• _WHAT NEEDS TO BE DONE_: Please return the records below exactly as they stand, with the pictures removed.

• _ENTRIES SHOWN_:

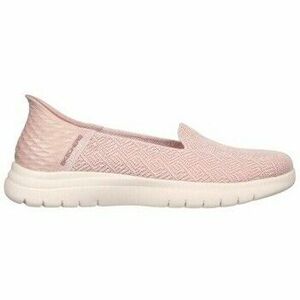 Divat edzőcipők Skechers 136542 SLIP INS kép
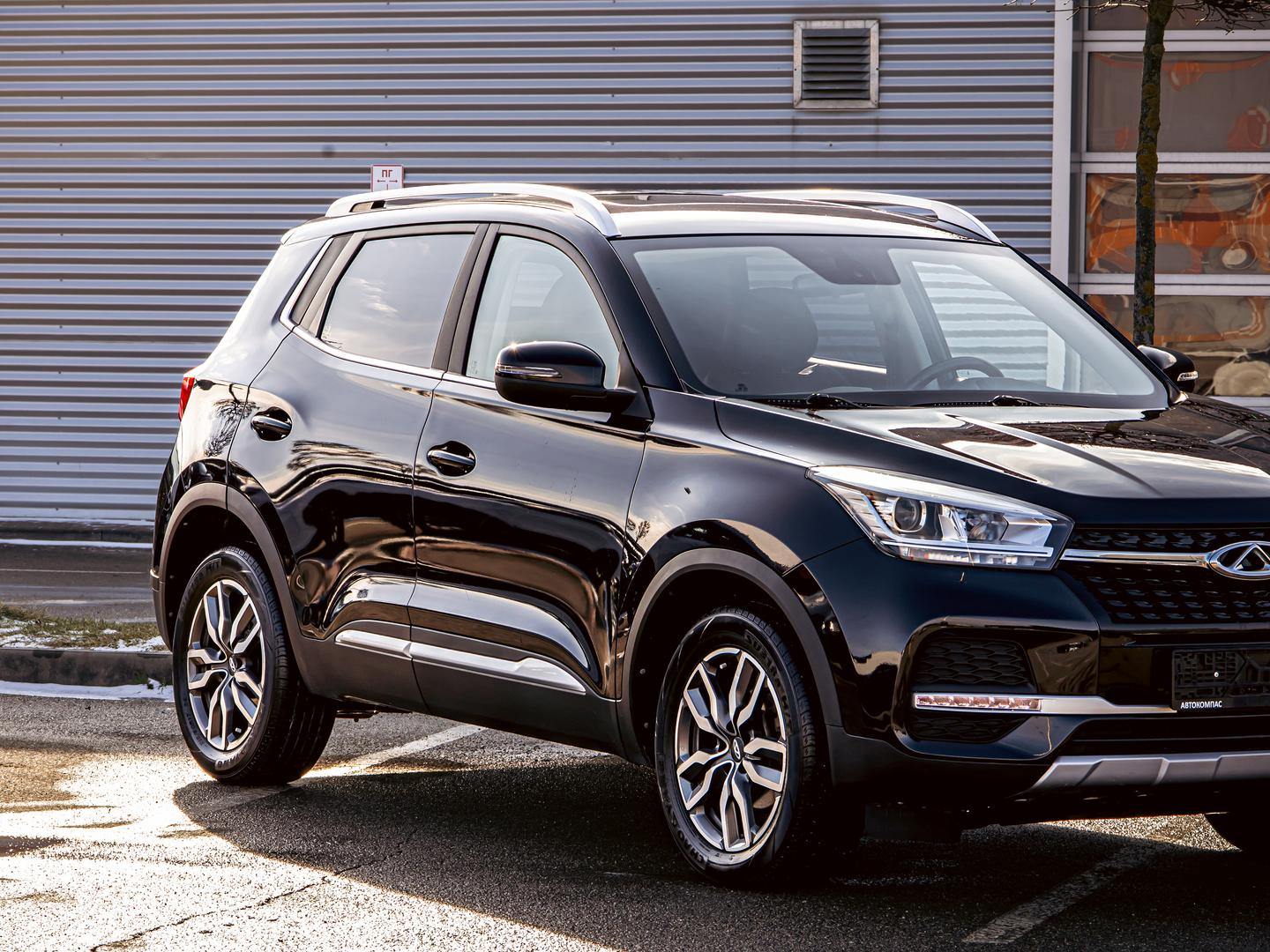 Chery Tiggo 4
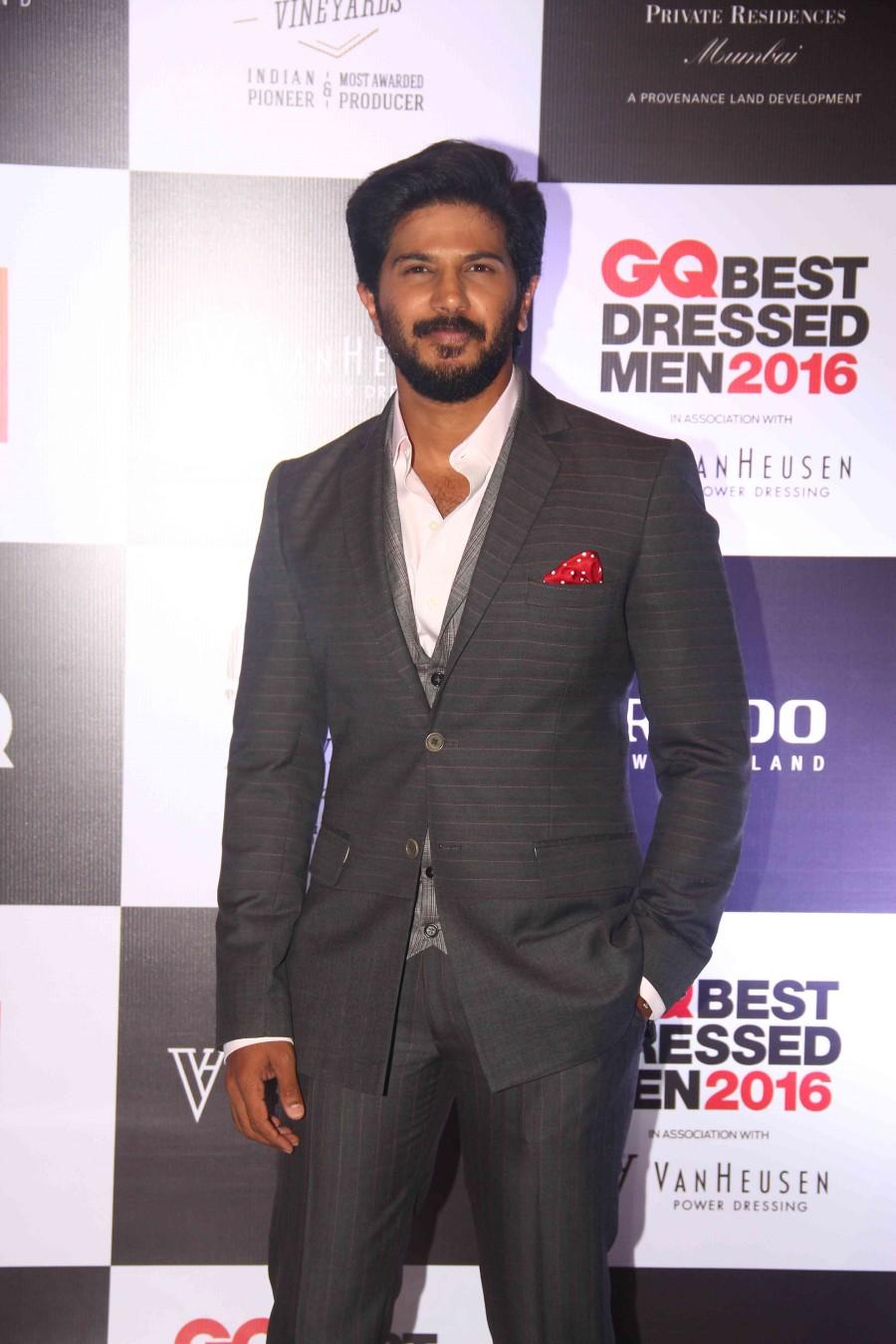 The seventh edition of GQ Best Dressed was held in association with Van Heusen on 2nd June 2016 with the central theme of Fashion and Music. GQ Best Dressed Men,GQ Best Dressed Men 2016,GQ Best Dressed,Ram Charan,Ajinkya Rahane,Arjun Kapoor,Dulquer Salmaan,Shahid Kapoor,GQ Best Dressed Men pics,GQ Best Dressed Men images,GQ Best Dressed Men photos,GQ Best Dressed Men stills,GQ Best Dressed Men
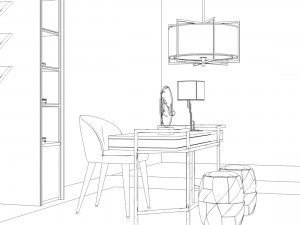 id 618524 Model 3D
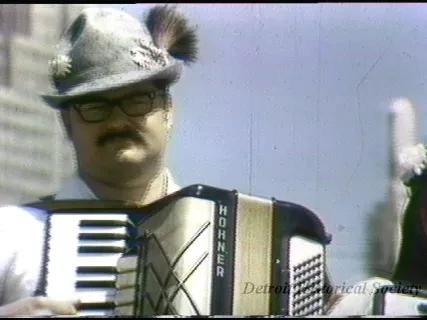 U-Matic - 19 Detroit Ethnic Spots 1973, 11/12/73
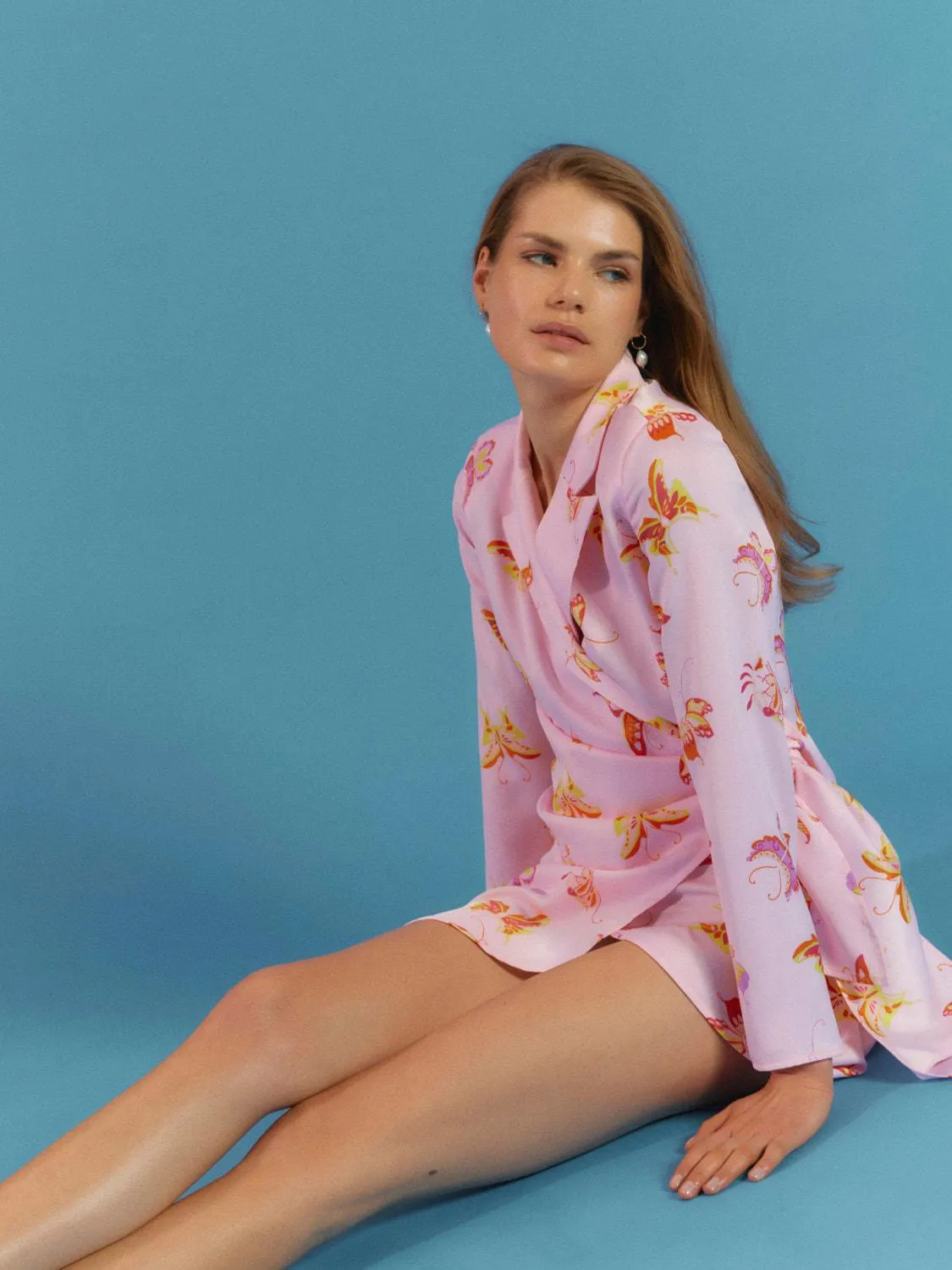 SOMETHINGNEW STYLED BY PIA MANCE kjole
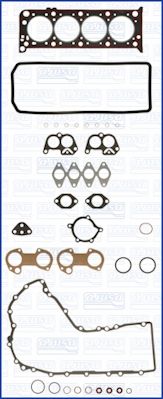 Gasket Kit, cylinder head AJUSA 52011700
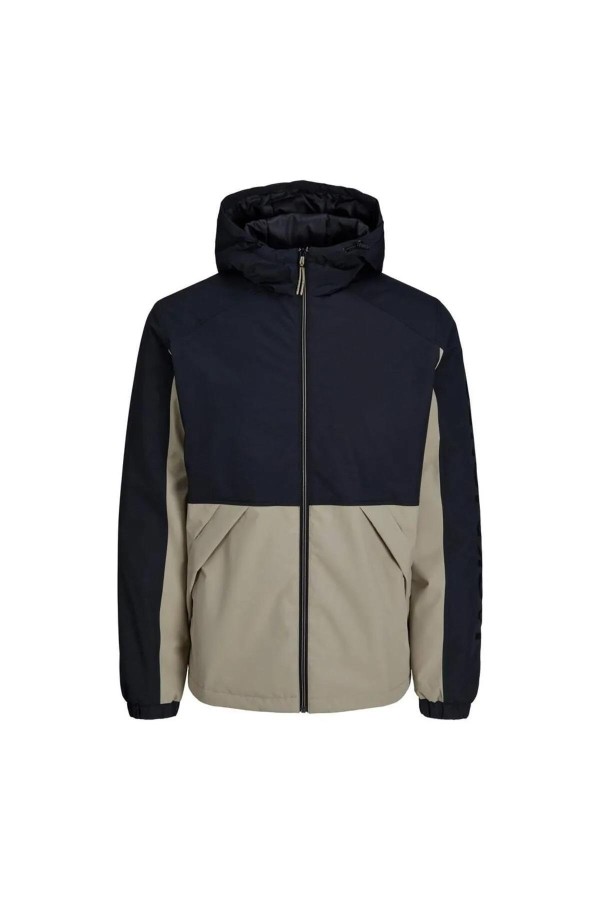 JACK & JONES 12238865 KAPUSONLU ASTARLI MONT JACK & JONES 12238865 KAPUSONLU ASTARLI MONT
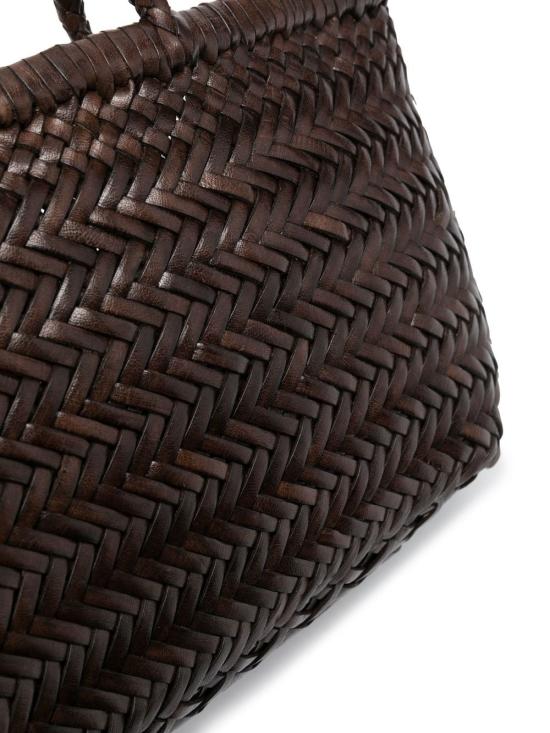 26SS 드래곤디퓨전 미니 플랫 고라 백 8809 DK BROWN - DRAGON DIFFUSION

• _RESPONSE_:
 Divat edzőcipők Skechers 136542 SLIP INS kép
 Chery Tiggo 4
 The seventh edition of GQ Best Dressed was held in association with Van Heusen on 2nd June 2016 with the central theme of Fashion and Music. GQ Best Dressed Men,GQ Best Dressed Men 2016,GQ Best Dressed,Ram Charan,Ajinkya Rahane,Arjun Kapoor,Dulquer Salmaan,Shahid Kapoor,GQ Best Dressed Men pics,GQ Best Dressed Men images,GQ Best Dressed Men photos,GQ Best Dressed Men stills,GQ Best Dressed Men
 id 618524 Model 3D
 U-Matic - 19 Detroit Ethnic Spots 1973, 11/12/73
 SOMETHINGNEW STYLED BY PIA MANCE kjole
 Gasket Kit, cylinder head AJUSA 52011700
 JACK & JONES 12238865 KAPUSONLU ASTARLI MONT JACK & JONES 12238865 KAPUSONLU ASTARLI MONT
 26SS 드래곤디퓨전 미니 플랫 고라 백 8809 DK BROWN - DRAGON DIFFUSION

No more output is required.